Paris is a feast in my eyes. I visited in spring 2010 and was not disappointed at all. Can't wait to go back. Beautiful city! (and beautiful photos  )


----------



## christos-greece (Feb 19, 2008)

Indeed superb, very nice updates :cheers:


----------



## Benonie (Dec 21, 2005)

Great thread! Paris truely is one of the most beautiful European capitals. :cheers:


----------



## aljuarez (Mar 16, 2005)

The tiny Furstenberg square, in Saint Germain, feels like a discovery when you walk through. It certainly lacks tour-group crowds. 







Most people visiting the square are there to visit the tiny museum Delacroix, housed in the painter's former residence. But even if you don't care about romantic artists, you could spend a delicious hour here, in the garden. Very civilized!












Saint Germain des Prés, one of the oldest churches in Paris, and the reason the neighborhood is named Saint Germain. 





















Cour du Commerce Saint-André, a belle-époque pedestrianzed commercial street. Very pretty and very atmospheric. Awesome place for lunch!

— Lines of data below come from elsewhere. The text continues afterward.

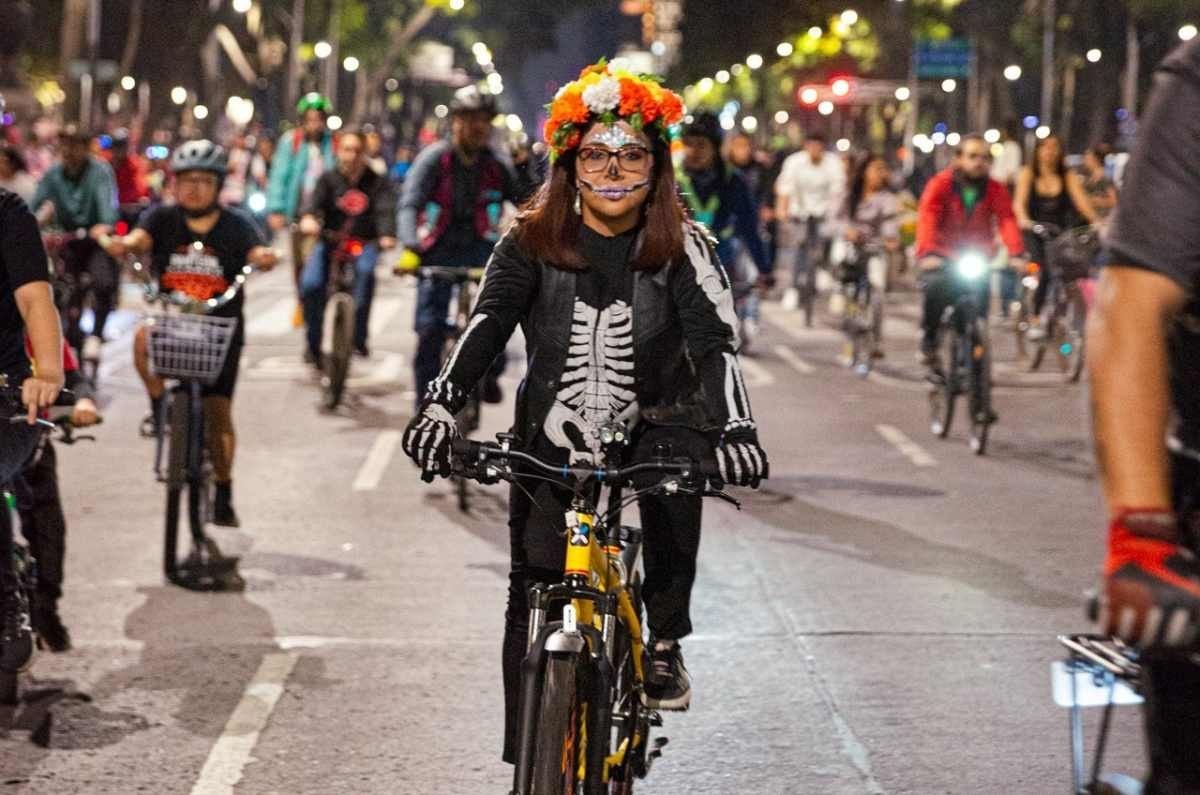 Paseo nocturno por el Día de Muertos 2024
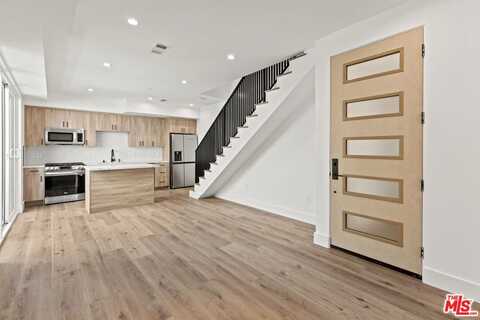 10917 Hesby St, North Hollywood, CA 91601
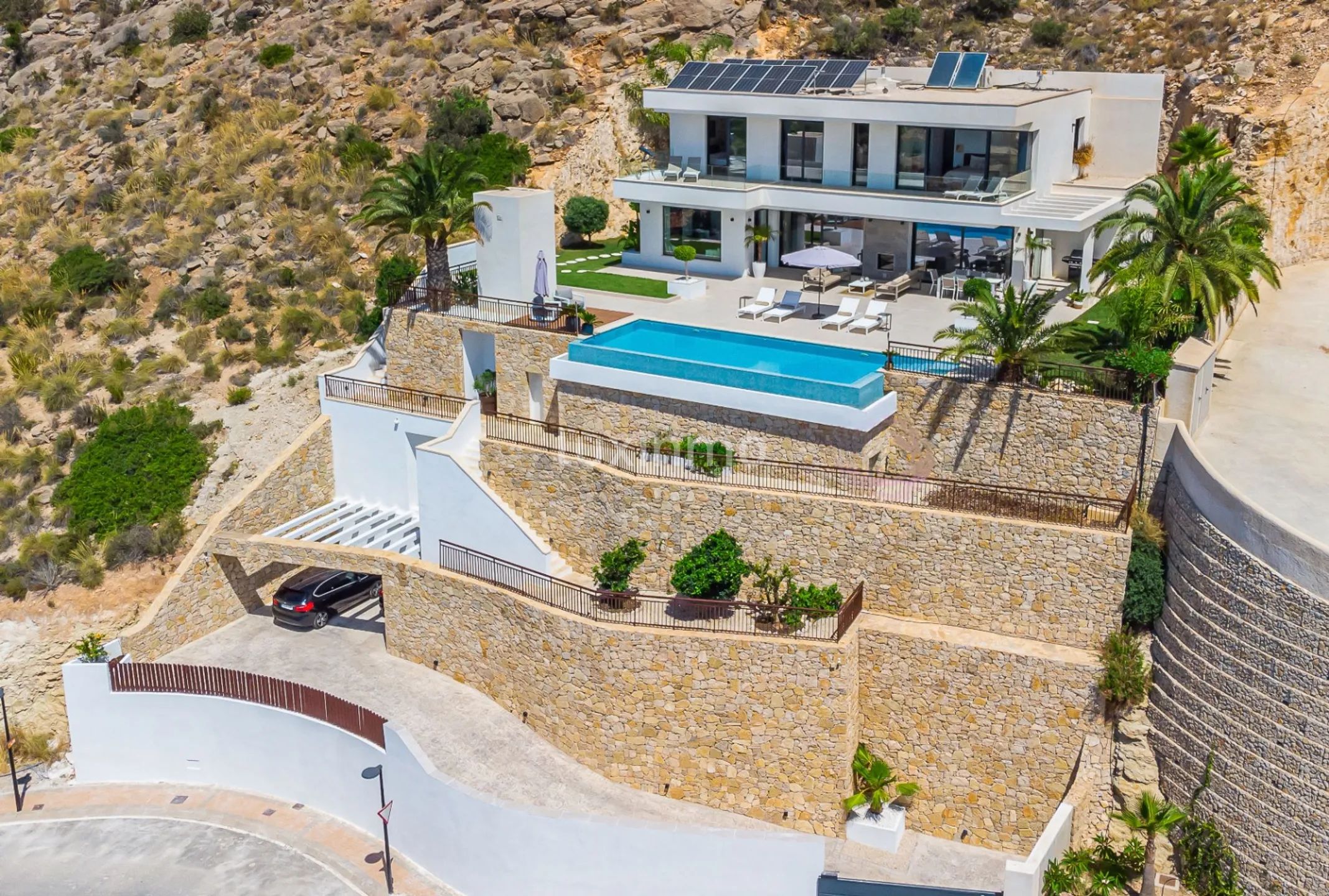 Beautiful villa with infinity pool and sea views for sale in Finestrat — photo 3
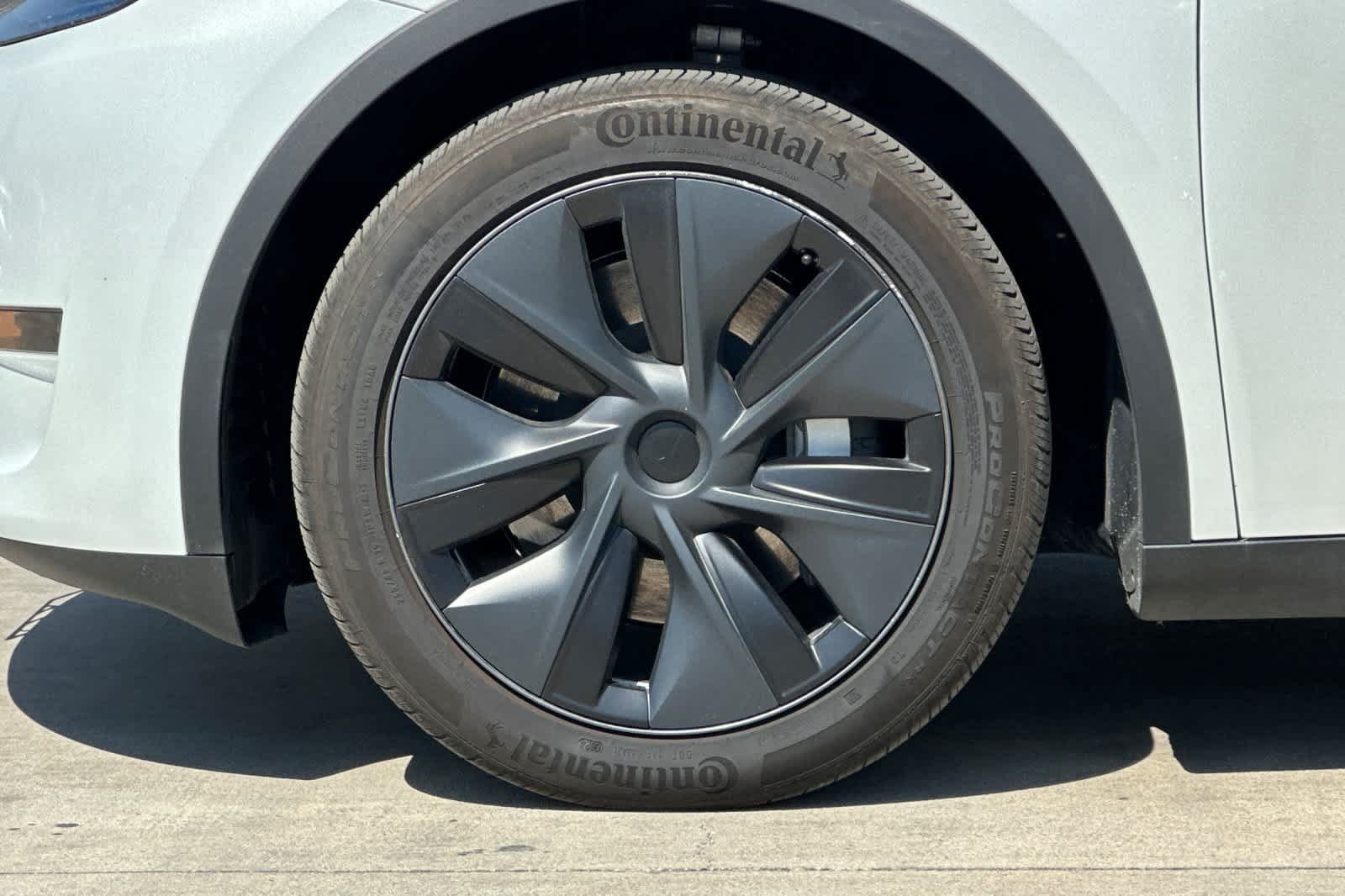 Used 2024 Tesla Model Y Long Range AWD/4WD image 12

The church of Saint Séverin, a gothic beauty in the Latin Quarter, originally from the 14th Century but with add-ons and remodellings right up to the 17th Century. 



























Monumental Paris!


















Random scenes... I like taking pictures of the waiters of Paris. They often wear old-fashioned outfits. Or maybe because they're sometimes the only locals in sight! :lol:


----------



## Charles Portis (Mar 13, 2015)

Great thread and great title ! Nothing's truer than a cliché. Congrats.


----------



## Benonie (Dec 21, 2005)

A fine bunch of delicious pictures!


----------



## christos-greece (Feb 19, 2008)

^^ Great, very nice photos from Paris as well :cheers:


----------



## Taller Better (Aug 27, 2005)

Thrilled to see this beautiful thread is still alive and well!!


----------



## El_Greco (Apr 1, 2005)

Beautiful shots!


----------



## aljuarez (Mar 16, 2005)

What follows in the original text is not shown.